Uma das principais novidades do projeto é estabelecer o fim do processo de recuperação judicial no momento da aprovação do plano, pela Assembleia-Geral de Credores. “É um binário: se teve o plano aprovado, é uma empresa recuperada, não precisa ficar em juízo por mais dois anos. Mas se ela não tiver recuperada, deve ser liquidada. E a liquidação é, muitas vezes, a venda”, diz Thomas Felsberg. Assim, segundo o advogado, evitaria-se um processo de falência – que leva em média 15 anos – e se conseguiria preservar os empregos, a organização produtiva e a arrecadação de impostos.
Sobre o prazo de 60 dias definido para a entrega da primeira minuta elaborada pelo grupo de trabalho do Ministério da Fazenda – considerado por alguns advogados como pequeno demais, levando-se em conta que a lei de 2005 começou a ser elaborada em 1993 -, Felsberg é categórico. “Se fosse por mim já teria aprovado ontem”, diz. “Passados quatro anos tem que editar a lei para corrigir o que não está funcionando. Nós estamos fazendo isso 11 anos depois da entrada em vigor dessa legislação.” Há uma preocupação do mercado com relação às garantias de natureza fiduciária – consideradas como ponto sensível às empresas em recuperação. Não há informações se o grupo de trabalho instituído pelo Ministério da Fazenda tocará no tema. Especialistas da área, no entanto, esperam mudan- ças. “Os bancos detém entre 80% e 90% do endividamento da média das empresas em recuperação judicial e nada disso entra no processo. Não faz sentido continuar como está”, afirma André Moraes, sócio do Antonelli Advogados.

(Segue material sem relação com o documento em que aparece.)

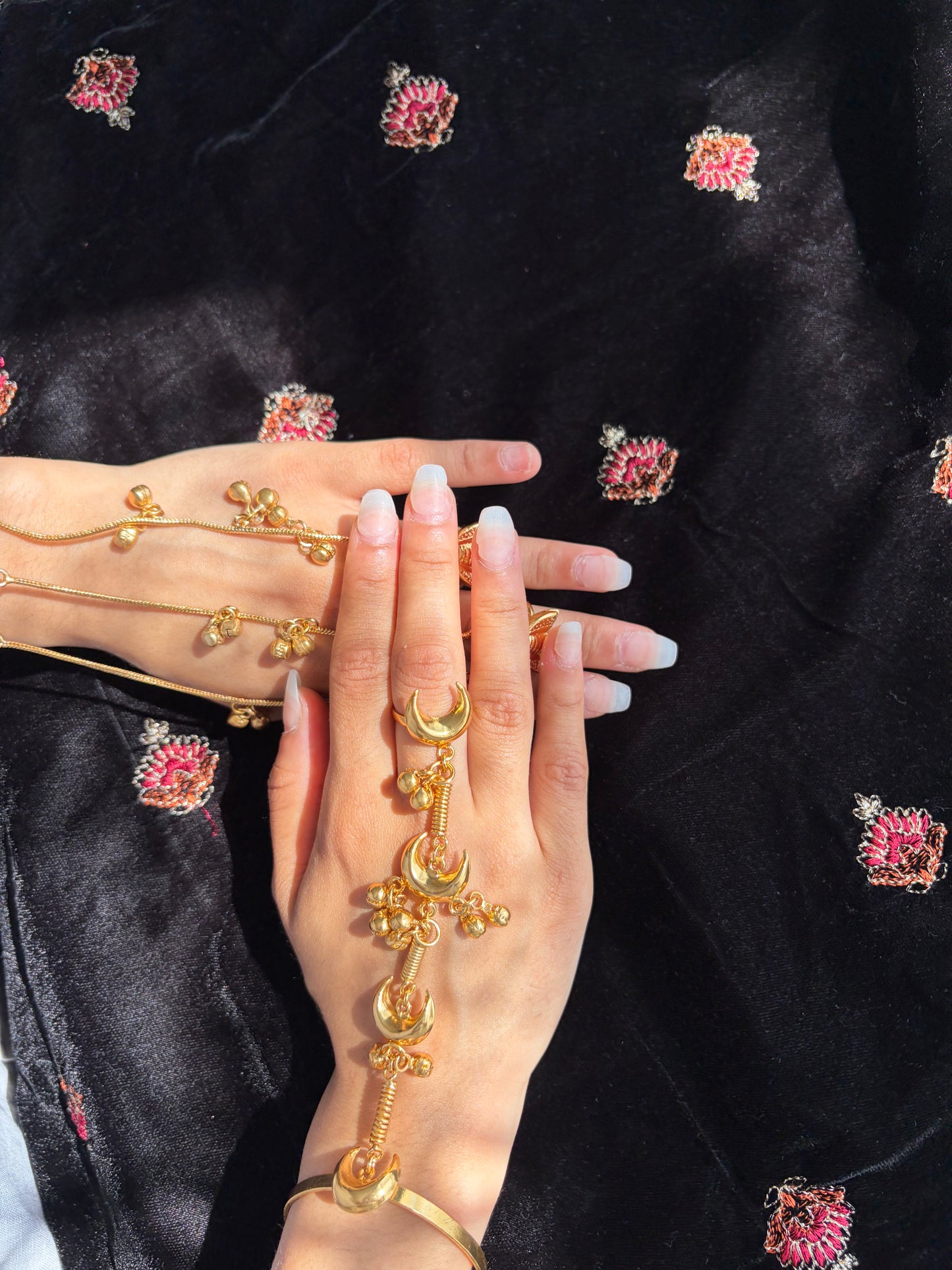 Chandni hand chain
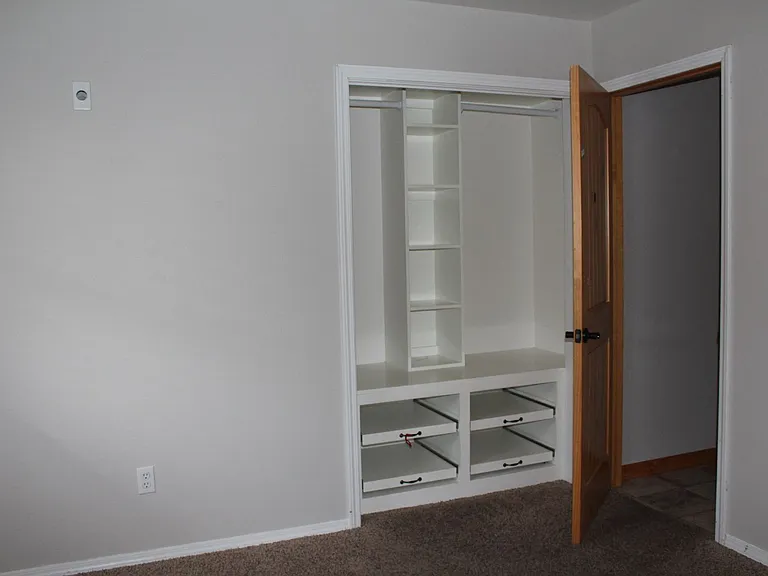2217 Laneway Cir — Photo 16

O advogado diz que os bancos, para ficar de fora dos processos de recuperação, passaram a se cercar dessas garantias. Antes, estavam relacionadas somente ao financiamento de bens – até que houvesse a quitação. “Esse bem, que a empresa não conseguiria ter comprado sem o dinheiro do banco, é o que chamamos de alienação fiduciária originária e não está sujeita à recuperação.” Só que, segundo o advogado, depois da edição da lei de 2005, os bancos passaram a exigir a garantia de outras formas. Uma delas, diz, por meio de renegociação de linha de crédito. Os bancos têm exigido garantia para renegociar débitos. “Então hoje se tem garantia fiduciária de estoque, de equipamentos e até de recebíveis. Entra tudo, mesmo não tendo sido financiado pelo banco originalmente. É por isso que a lei deveria deixar mais clara a natureza das garantias que ficam de fora do processo de recuperação”, complementa o advogado André Moraes.